[Data records]

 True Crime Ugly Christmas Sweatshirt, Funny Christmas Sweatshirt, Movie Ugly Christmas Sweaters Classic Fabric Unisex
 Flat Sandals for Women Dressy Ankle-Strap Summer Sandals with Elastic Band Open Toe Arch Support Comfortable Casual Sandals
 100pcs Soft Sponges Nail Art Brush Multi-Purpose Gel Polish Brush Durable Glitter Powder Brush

[/Data records]
[Data records]

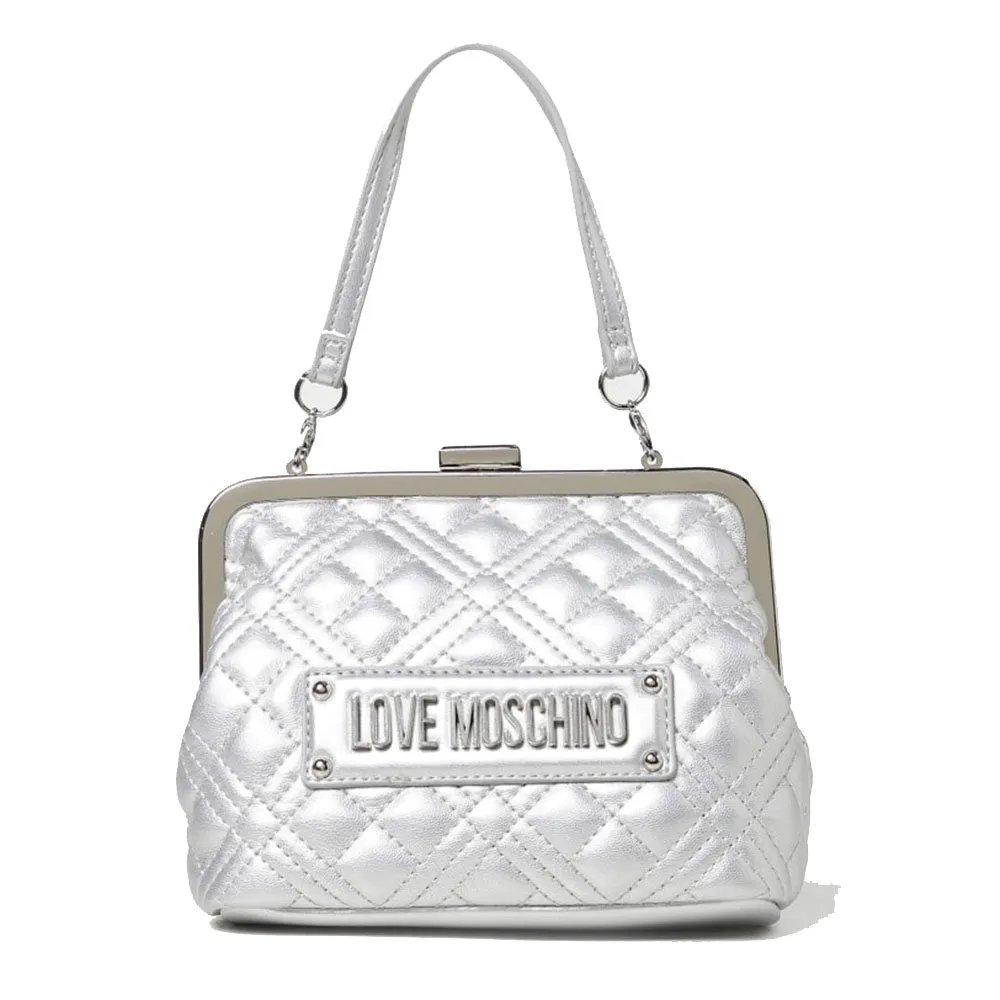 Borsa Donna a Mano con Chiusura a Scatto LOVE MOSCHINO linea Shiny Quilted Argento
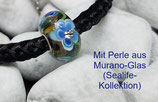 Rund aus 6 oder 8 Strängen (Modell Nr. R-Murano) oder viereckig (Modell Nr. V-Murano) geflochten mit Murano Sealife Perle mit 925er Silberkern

[/Data records]

Using only the listing above, restate exactly the lines from the line containing "True Crime Ugly" through the line containing "100pcs Soft Sponges", both included.

 True Crime Ugly Christmas Sweatshirt, Funny Christmas Sweatshirt, Movie Ugly Christmas Sweaters Classic Fabric Unisex
 Flat Sandals for Women Dressy Ankle-Strap Summer Sandals with Elastic Band Open Toe Arch Support Comfortable Casual Sandals
 100pcs Soft Sponges Nail Art Brush Multi-Purpose Gel Polish Brush Durable Glitter Powder Brush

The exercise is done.